THE rights of miners are set to be significantly curtailed under new laws to be tabled in Queensland Parliament this week.
Under the Regional Planning Interest Bill miners will be stripped of the power to take landholders to the Land Court if an agreement cannot be reached within 40 days. In addition, the automatic right to start a project after 40 days will also be removed.
The 40 day rule has long been used by mining companies as a way to strong arm landholders in priority agricultural areas who are often intimidated by the threat of costly legal proceedings and the time required to manage a court case.
Under the new laws mining companies will need to demonstrate they have negotiated in good faith with landholders. There will be no time limit on the period of negotiations. Miners who cannot reach agreement will now need to apply to the Department of State Development Infrastructure and Planning to seek approval for their project.
Deputy Premier Jeff Seeney said in a briefing to Queensland Country Life last Monday that the new laws would put landholders in a much stronger position and "provide balance" between the parties.
"This is a provision that landholders have never had before," he said.
"It removes the psychological lever that mining companies have held over landholders. I regularly remind resource companies that the Newman government has never condoned a mining sector free-for-all across our most important farming country, or areas of significant environmental value.
"I will not allow extremist claims from mining companies to derail a process that began in opposition as I watched landholder rights slowly and deliberately eroded by Labor."
While the assessment criteria which will show how farmers and miners can coexist are still to be sighted, the criteria and the draft Regional Planning Interest Bill have been the subject of negotiations between the Queensland Government, AgForce and the Queensland Farmers Federation.
Mr Seeney said any new resource development seeking to operate in priority agricultural areas (PAAs), priority living areas, strategic environmental areas and strategic cropping areas will need to meet assessment criteria ensuring no material loss of land, no threat to continued agricultural use and no material impact on irrigation aquifers or overland flow.
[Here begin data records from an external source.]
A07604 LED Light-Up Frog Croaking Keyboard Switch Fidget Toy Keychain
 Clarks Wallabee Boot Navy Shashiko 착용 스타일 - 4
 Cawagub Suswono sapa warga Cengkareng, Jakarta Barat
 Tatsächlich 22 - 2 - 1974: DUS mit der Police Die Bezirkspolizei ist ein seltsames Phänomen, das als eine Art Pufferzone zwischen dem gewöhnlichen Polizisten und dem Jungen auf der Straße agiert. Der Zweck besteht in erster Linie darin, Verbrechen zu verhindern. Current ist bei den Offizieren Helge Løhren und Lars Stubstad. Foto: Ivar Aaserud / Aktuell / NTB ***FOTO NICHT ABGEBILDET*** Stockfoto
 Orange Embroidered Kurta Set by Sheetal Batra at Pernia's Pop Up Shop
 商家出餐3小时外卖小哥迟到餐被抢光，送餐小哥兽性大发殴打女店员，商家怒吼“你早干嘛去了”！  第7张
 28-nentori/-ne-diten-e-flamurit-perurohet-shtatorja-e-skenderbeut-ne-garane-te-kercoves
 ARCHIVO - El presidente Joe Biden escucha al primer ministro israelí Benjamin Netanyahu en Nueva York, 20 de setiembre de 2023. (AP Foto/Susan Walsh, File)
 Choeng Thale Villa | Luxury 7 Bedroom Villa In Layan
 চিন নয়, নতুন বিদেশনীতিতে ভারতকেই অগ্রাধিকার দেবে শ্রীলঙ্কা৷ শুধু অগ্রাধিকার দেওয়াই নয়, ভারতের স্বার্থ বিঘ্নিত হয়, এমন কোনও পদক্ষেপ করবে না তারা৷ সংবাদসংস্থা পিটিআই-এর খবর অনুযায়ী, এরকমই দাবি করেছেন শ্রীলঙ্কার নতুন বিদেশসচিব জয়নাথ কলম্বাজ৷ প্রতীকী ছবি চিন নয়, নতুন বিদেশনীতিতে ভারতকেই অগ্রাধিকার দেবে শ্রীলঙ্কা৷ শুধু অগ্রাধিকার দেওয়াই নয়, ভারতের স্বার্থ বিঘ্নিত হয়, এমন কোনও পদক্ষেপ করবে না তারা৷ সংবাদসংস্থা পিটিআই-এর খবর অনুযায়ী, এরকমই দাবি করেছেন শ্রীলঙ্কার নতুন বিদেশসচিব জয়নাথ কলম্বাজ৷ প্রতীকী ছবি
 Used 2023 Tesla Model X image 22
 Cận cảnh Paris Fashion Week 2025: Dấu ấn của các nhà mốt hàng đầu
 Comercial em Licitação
Outside PAAs, existing strategic cropping land protections will remain.
AgForce policy director Dr Dale Miller said there continued to be concerns over how high quality agricultural land and water would be protected.
"The legislation must place emphasis on landholder agreements and the consultation process to ensure the land and water resource is protected and there is ongoing land use," Dr Miller said.
"Coexistence suggests equal standing and equal say and all affected landholders views need to be taken into consideration as must accumulated impacts at a regional level.
QFF chief executive officer Dan Galligan said the State Government had recognised the importance of the bill.
He said at a recent committee hearing on the Regional Planning Interests Bill Mr Seeney had clarified several points that were high on QFF's agenda, including that regulation to underpin the Bill will be tabled when it is debated in the Parliament.
"In addition, the government intends to take a limited role only in delving into landholder and resource company agreements by providing an exemption under the bill when an agreement is made, and only getting involved when agreement cannot be reached.
"In so doing the Deputy Premier was very clear: landholders must be consulted on how developments take place on their property and on this QFF wholeheartedly agrees," Mr Galligan said.
Mr Galligan said QFF was now waiting for further detail to explain how farmers' rights are maintained under these laws.
"Central to that will be the recognition that within identified Priority Agricultural Areas (PAA), landholders must be allowed a say how coexistence would occur," Mr Galligan said.
"It is this implementation step that has been missing so far and this is the solution that agricultural industry bodies have provided in their suggested coexistence framework.
"Now we need to see the government pick up that framework and make it a reality.
The new laws have met a backlash from the mining industry which has been frantically attempting to block the power shift.
"The new laws were only ever going to shift power from miners to landholders to provide balance," Mr Seeney said.
"Miners were always going to be angry and upset with these changes."